Les faits sont les suivants : il apprend que des manifestants se trouvent au commissariat de police, et il décide de s’y rendre. Il sort du tramway (pour les non-bordelais, l’arrêt du tramway est presque contre le mur commissariat), il taggue directement ACAB (acronyme de ALL COPS ARE BATARDS, tous les flics sont des bâtards/salauds). Très vite, il se fait embarqué, repéré justement grâce à la caméra latérale qui n’est pas fichue de voir l’entrée du commissariat..

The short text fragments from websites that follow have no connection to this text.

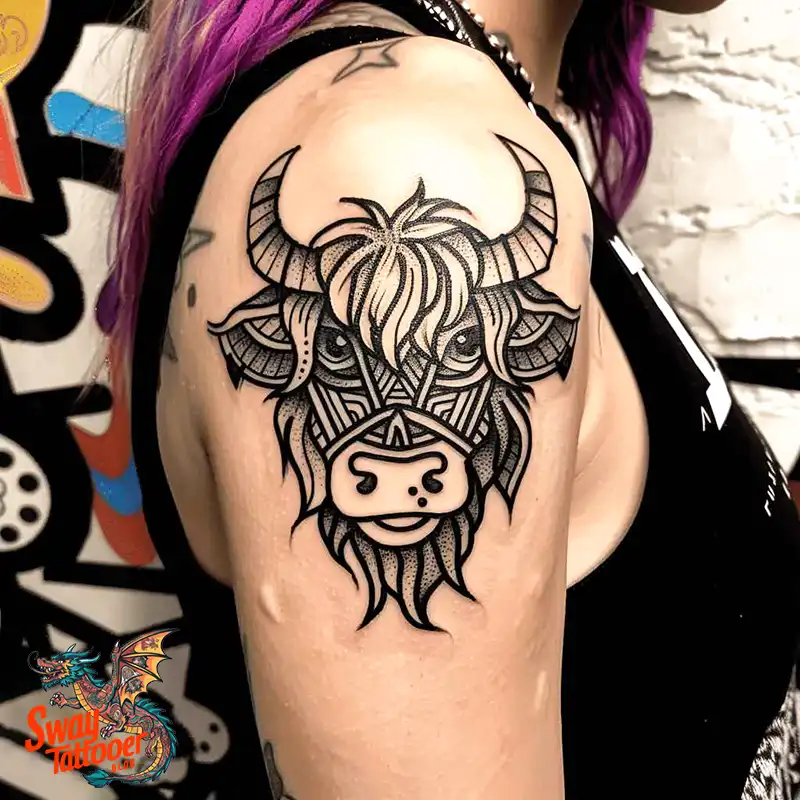 160 Cow Tattoo Design Ideas: Meaning, Art & Tradition 20 Cow Tattoo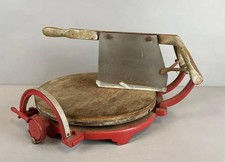 Antique Cast Iron Computing Cheese Cutter kitchen cooking wine farmhouse X1 picture
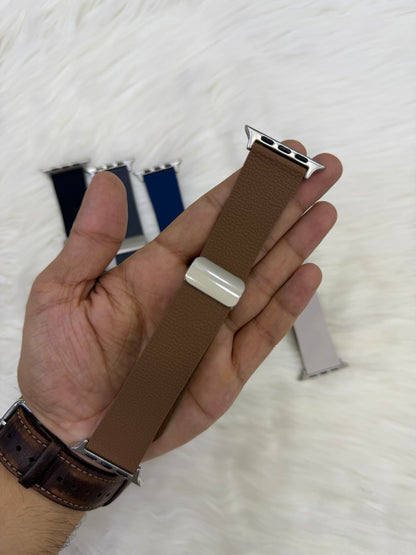 Textured Silicone Magnetic Strap - 42mm to 49mm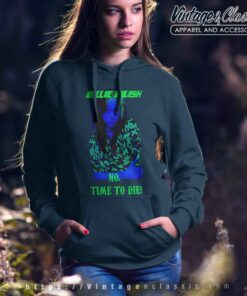 No Time To Die Billie Eilish Blue Wall Poster Shirt 4 No Time To Die Billie Eilish Blue Wall Poster Hoodie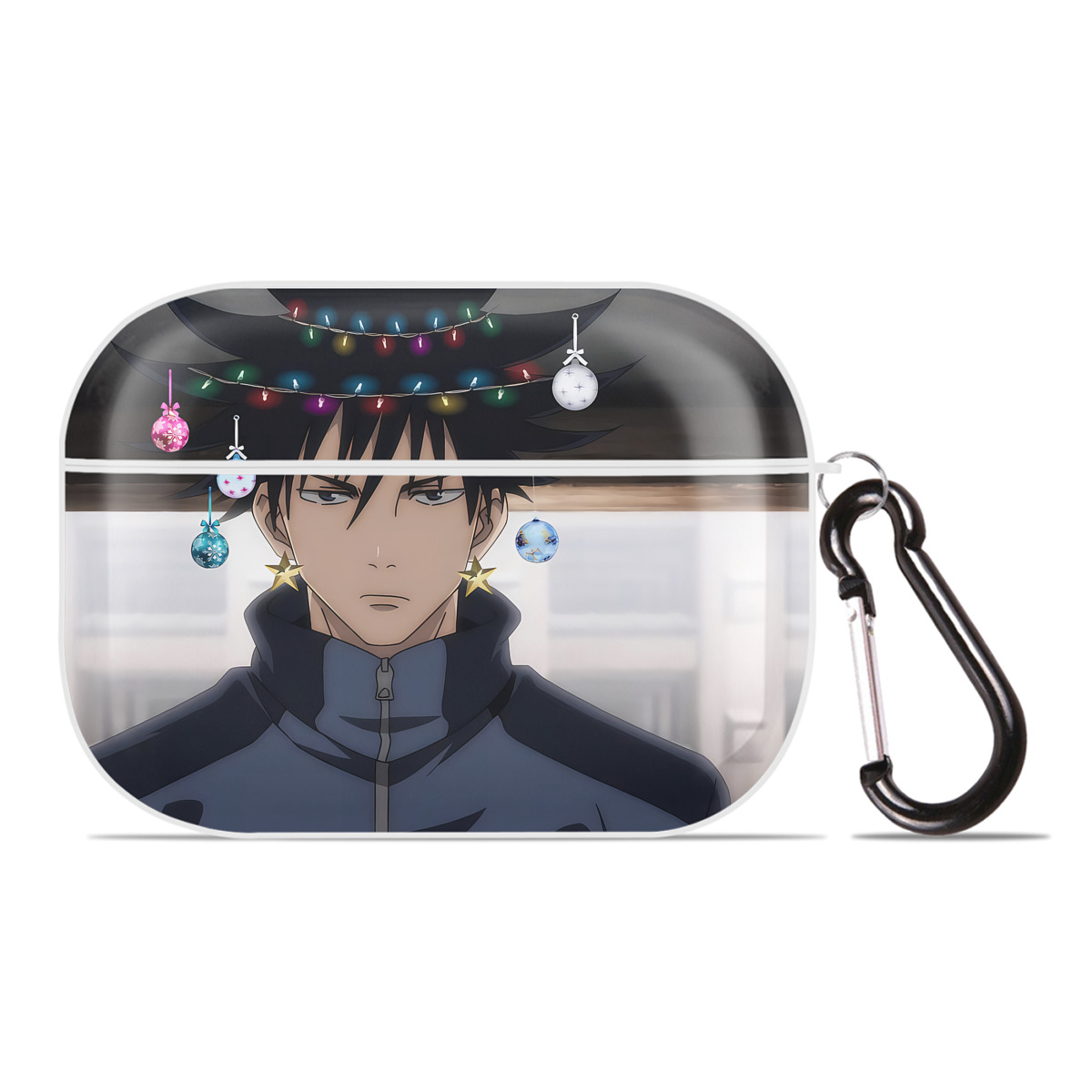 （画像用） 呪術廻戦 Jujutsu Kaisen 【AirPods Pro用】ハードシェル保護ケース 耐衝撃・防指紋・カラビナ付き商品仕様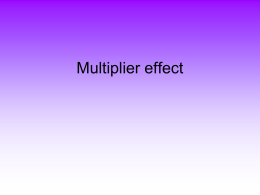 Multiplier Effect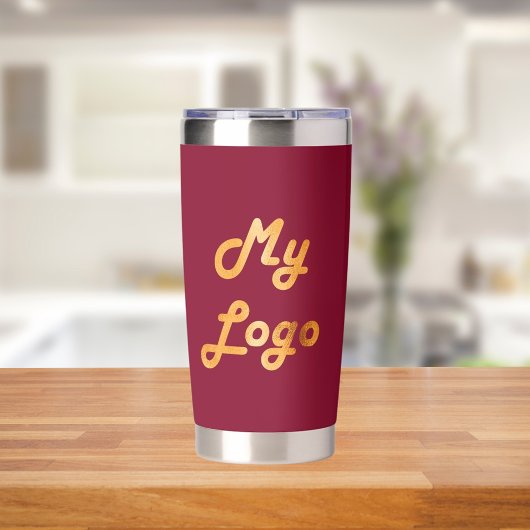 ブルゴーニュのロゴビジネス企業の 保温保冷タンブラー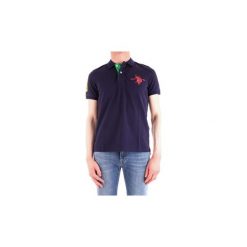 Koszulki polo z krótkim rękawem U.S Polo Assn. 51267-50336. Niebieskie koszulki męskie U.S. Polo Assn., s, bez wzorów, z krótkim rękawem. Za 415,83 zł.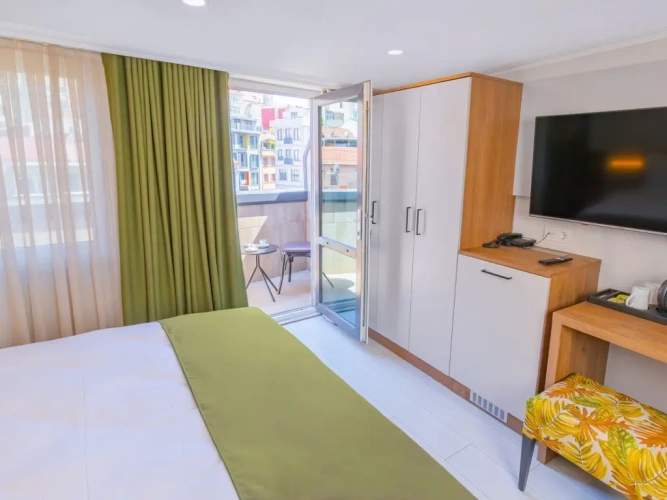 Superior Double room with balcony and with view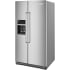KitchenAid KRSF705HPS - 36 Inch Side-by-Side Refrigerator 3/4 View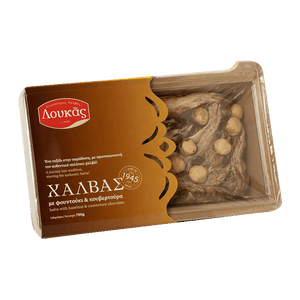 Halva cu alune de padure si ciocolata 780g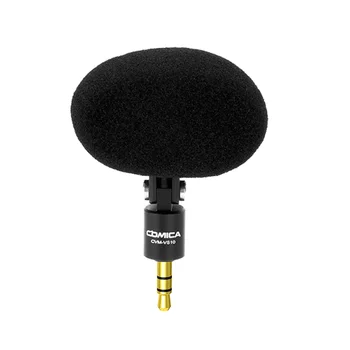 COMICA CVM-VS10 Mini Flexible XY Stereo Microphone 3.5mm TRS Cardioid Mini Mic for Gopro Camera Smartphone Video Recording detail image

Le jeune homme reconnaît les faits. Il dit que ce n’était pas très malin de sa part et qu’il a manqué de discernement…La juge le materne un peu. Son assesseur veut faire son malin, et interroge le jeune homme : « en arrivant vous saviez déjà ce que vous vouliez faire ? Vous aviez déjà le matériel ? Que veut dire ACAB ? ». L’accusé répond : « c’était du matériel d’animation, il est facilement lessivable. Je sais ce que signifie ACAB, tous les flics sont des salauds ». L’autre reprend : » pourquoi vous ne reprenez pas la traduction littérale…euh, enfant naturel ? ».

- l’accusé : « je ne pense pas qu’elle soit correcte, c’est une critique du comportement des policiers »
- l’assesseur : « vous considérez que vous avez été mal traité par la police »
- l’autre : « Non ! »

Je vous épargne la suite de la discussion.

Verdict : une pacotille

J’ai assisté à plusieurs procès en peu de temps. Notre syndicat de Bordeaux a déjà supporté un de ses membres devant la juridiction administrative, des copains du DAL de Bordeaux ont été condamnés pour avoir un comportement de « juste ». Tous ces procès ont une constante, la volonté d’humilier le plus faible. Plus encore, au moins sur deux cas le juge de première instance savait que son raisonnement juridique était faux (ou alors, les juges sont encore plus cons qu’une bande de supporters avinés), mais il a toujours condamné le prévenu ou le contrevenant. Probablement, en faisant le pari que la personne concernée ne ferait pas appel, à cause du coût ou du risque.

Aujourd’hui, la justice de classe est toujours une réalité. Notre justice nous la rendrons avec des chaussures.